The value of a particular investment follows a pattern of exponential growth. You invested money in a money market account. The value of your investment t years after your initial investment is given by the exponential growth model A = 7300e0.066t. How much did you initially invest in the account?
e^0 = 1
so at time t=0, A = 7300
To find out how much you initially invested in the account, we can use the given exponential growth model.
The exponential growth model is represented by:
A = P * e^(rt)
Where:
A is the final value of the investment
P is the initial investment
e is the base of natural logarithms (approximately 2.71828)
r is the growth rate
t is the time in years
In this case, the formula for the investment is given as:
A = 7300e^(0.066t)
Since we want to find the initial investment, which is represented by P, we need to rearrange the formula to solve for P.

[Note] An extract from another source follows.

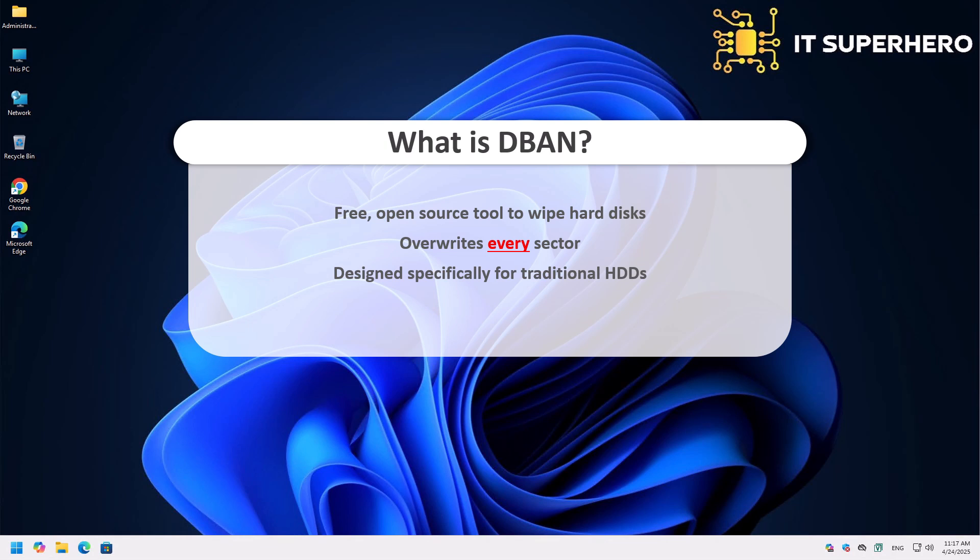Now, here's a key point. DBAN is specifically designed for traditional hard disk drives. It's not recommended for solid-state drives, and here's why.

Divide both sides of the equation by e^(0.066t):
A/e^(0.066t) = P
Now, substitute the given values into the equation. We know that A = 7300 and t = 0 (since it's the initial investment).
P = 7300 / e^(0.066 * 0)
Since anything raised to the power of 0 equals 1, we have:
P = 7300 / e^0
e^0 = 1
Therefore, the initial investment (P) is equal to:
P = 7300 / 1
So, you initially invested $7300 in the account.